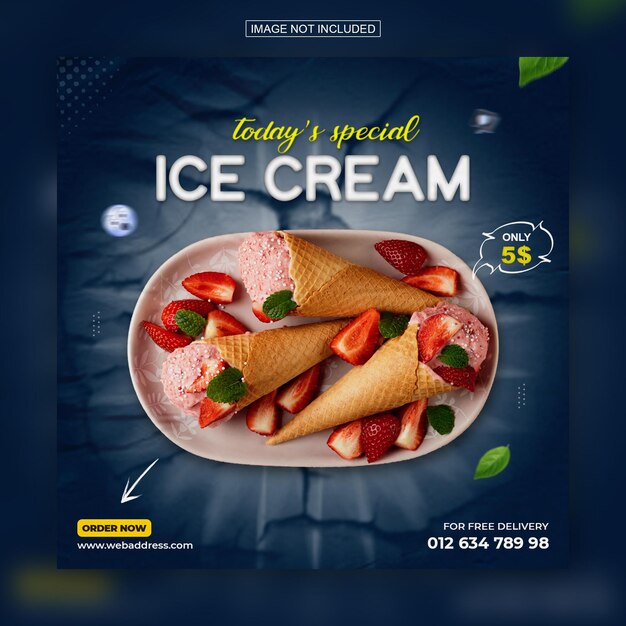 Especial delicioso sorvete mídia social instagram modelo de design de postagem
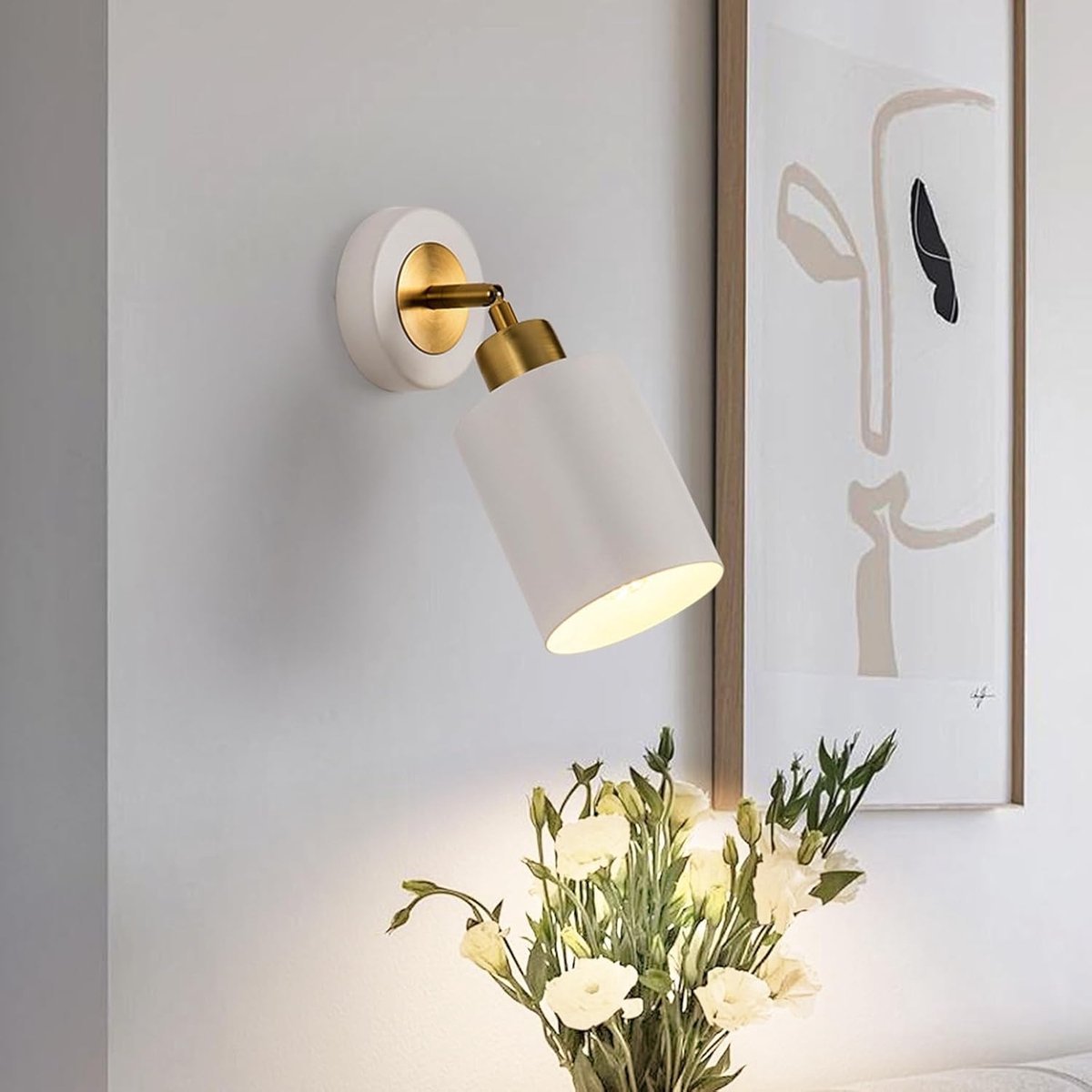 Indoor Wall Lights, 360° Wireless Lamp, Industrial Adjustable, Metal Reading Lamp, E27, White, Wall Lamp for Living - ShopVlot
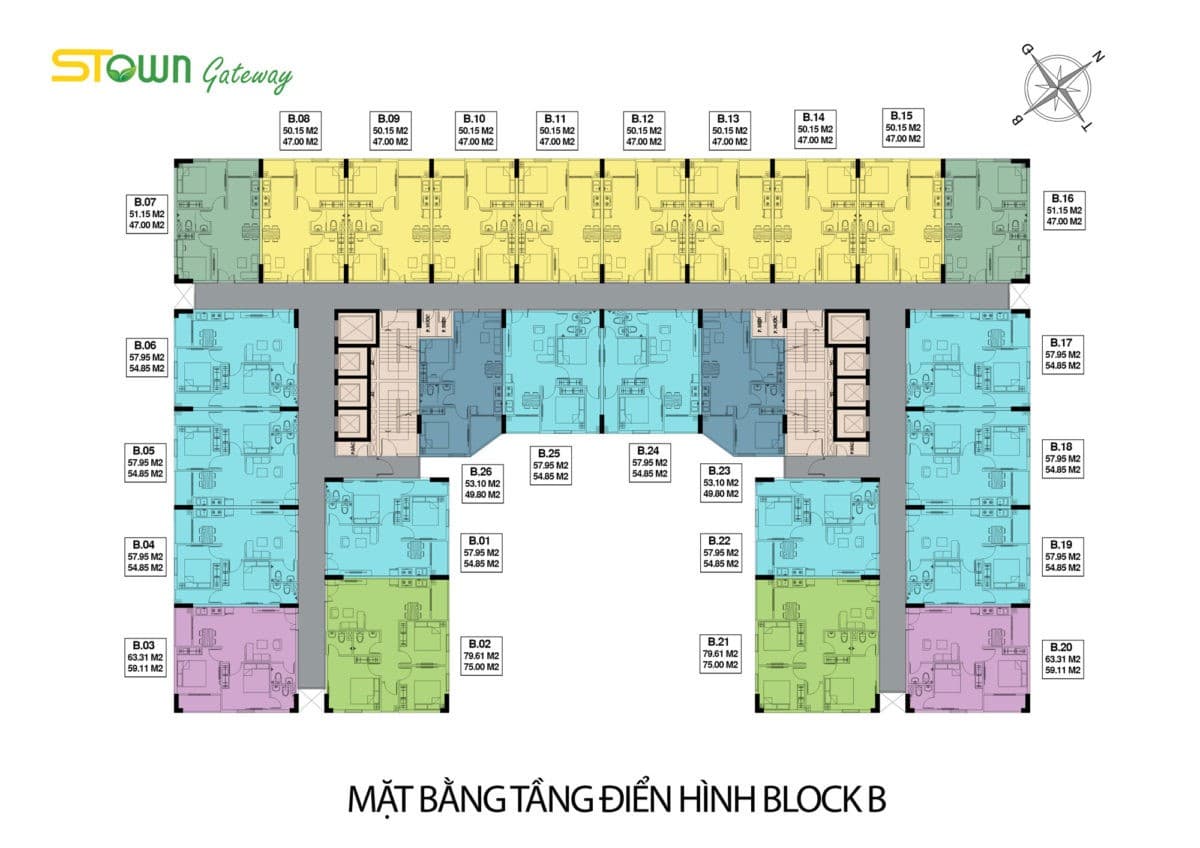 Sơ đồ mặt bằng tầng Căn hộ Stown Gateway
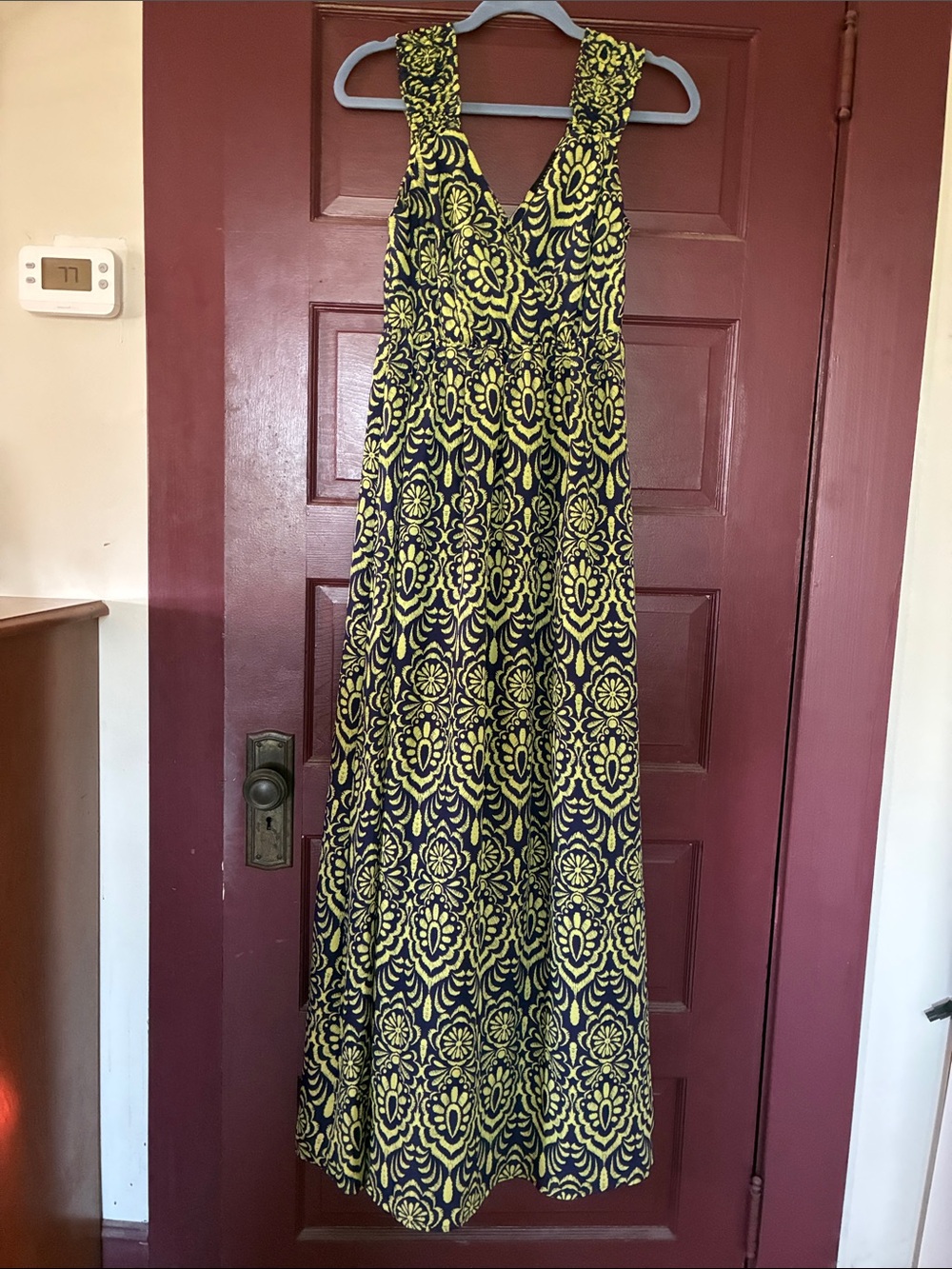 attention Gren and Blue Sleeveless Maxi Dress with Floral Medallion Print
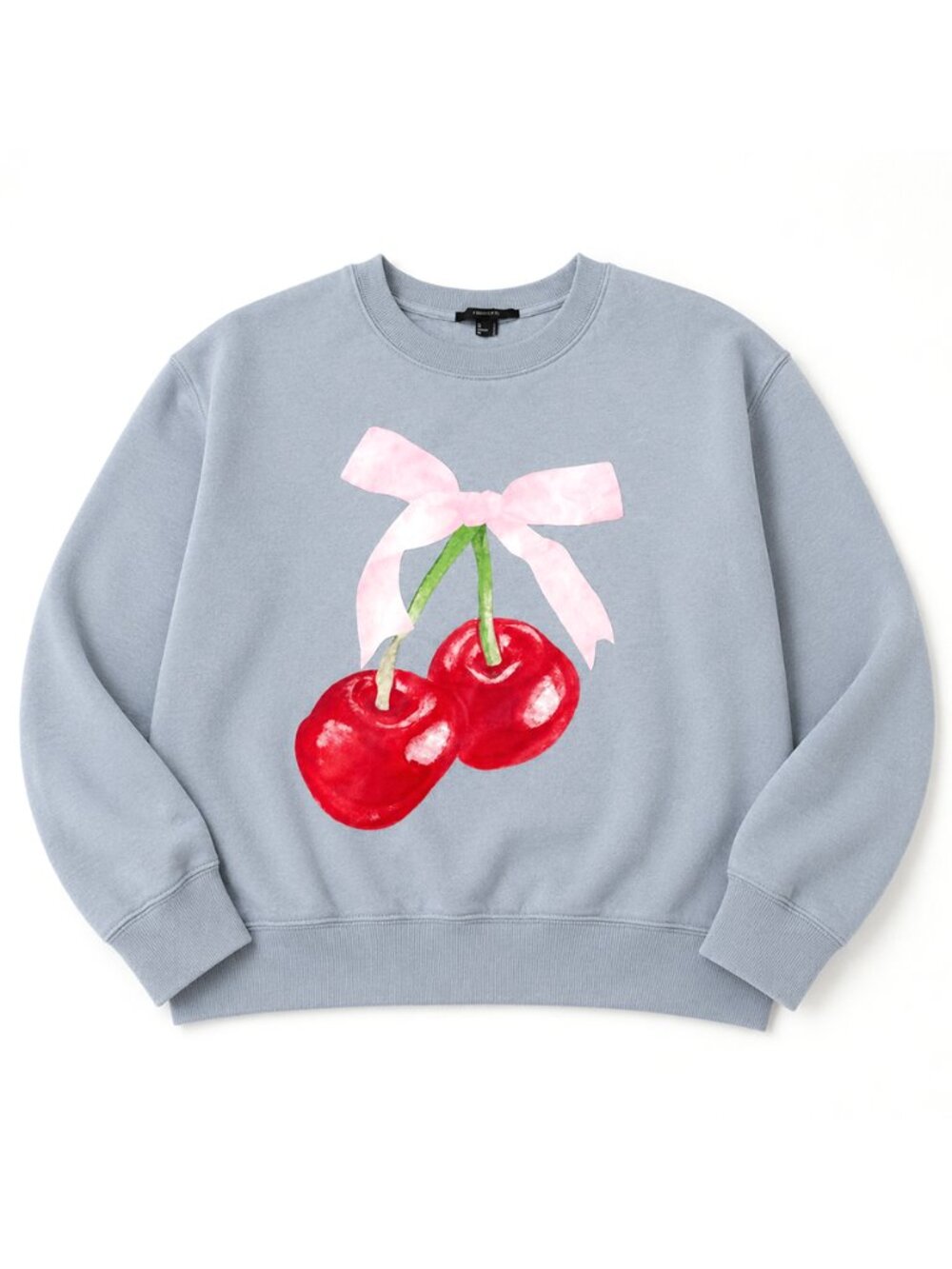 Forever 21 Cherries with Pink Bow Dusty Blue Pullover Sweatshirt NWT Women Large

**Task details**:
No picture is to be included when the lines from the one containing "Indoor Wall Lights, 360°" through the end of the material above are output exactly; nothing else is written.

**Your response**:
 Indoor Wall Lights, 360° Wireless Lamp, Industrial Adjustable, Metal Reading Lamp, E27, White, Wall Lamp for Living - ShopVlot
 Sơ đồ mặt bằng tầng Căn hộ Stown Gateway
 attention Gren and Blue Sleeveless Maxi Dress with Floral Medallion Print
 Forever 21 Cherries with Pink Bow Dusty Blue Pullover Sweatshirt NWT Women Large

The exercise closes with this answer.